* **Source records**
★ ★ ★

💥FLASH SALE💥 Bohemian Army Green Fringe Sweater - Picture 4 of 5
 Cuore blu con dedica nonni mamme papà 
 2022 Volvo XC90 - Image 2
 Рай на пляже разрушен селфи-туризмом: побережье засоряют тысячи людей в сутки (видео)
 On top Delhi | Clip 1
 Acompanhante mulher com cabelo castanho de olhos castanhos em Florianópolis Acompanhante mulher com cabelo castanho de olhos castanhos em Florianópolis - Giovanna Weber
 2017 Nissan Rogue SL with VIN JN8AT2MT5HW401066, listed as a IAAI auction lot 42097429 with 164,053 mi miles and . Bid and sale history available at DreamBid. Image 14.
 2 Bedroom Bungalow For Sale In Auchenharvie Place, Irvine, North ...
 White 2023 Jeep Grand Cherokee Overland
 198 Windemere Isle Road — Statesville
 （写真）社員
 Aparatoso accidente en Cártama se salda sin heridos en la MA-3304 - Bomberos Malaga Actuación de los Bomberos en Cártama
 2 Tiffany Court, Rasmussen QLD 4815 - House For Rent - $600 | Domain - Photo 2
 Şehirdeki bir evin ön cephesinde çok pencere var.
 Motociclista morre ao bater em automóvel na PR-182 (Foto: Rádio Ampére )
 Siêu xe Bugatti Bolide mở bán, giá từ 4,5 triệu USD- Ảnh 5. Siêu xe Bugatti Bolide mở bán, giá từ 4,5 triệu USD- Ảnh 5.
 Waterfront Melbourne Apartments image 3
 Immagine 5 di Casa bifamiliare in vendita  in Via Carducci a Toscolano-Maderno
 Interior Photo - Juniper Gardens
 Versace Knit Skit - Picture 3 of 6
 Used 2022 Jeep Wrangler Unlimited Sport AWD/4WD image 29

★ ★ ★

* **DIRECTIONS FOR THIS TASK**
If a line in the records above includes the string "Jeep", copy it.

* **RESPONSE**
 White 2023 Jeep Grand Cherokee Overland
 Used 2022 Jeep Wrangler Unlimited Sport AWD/4WD image 29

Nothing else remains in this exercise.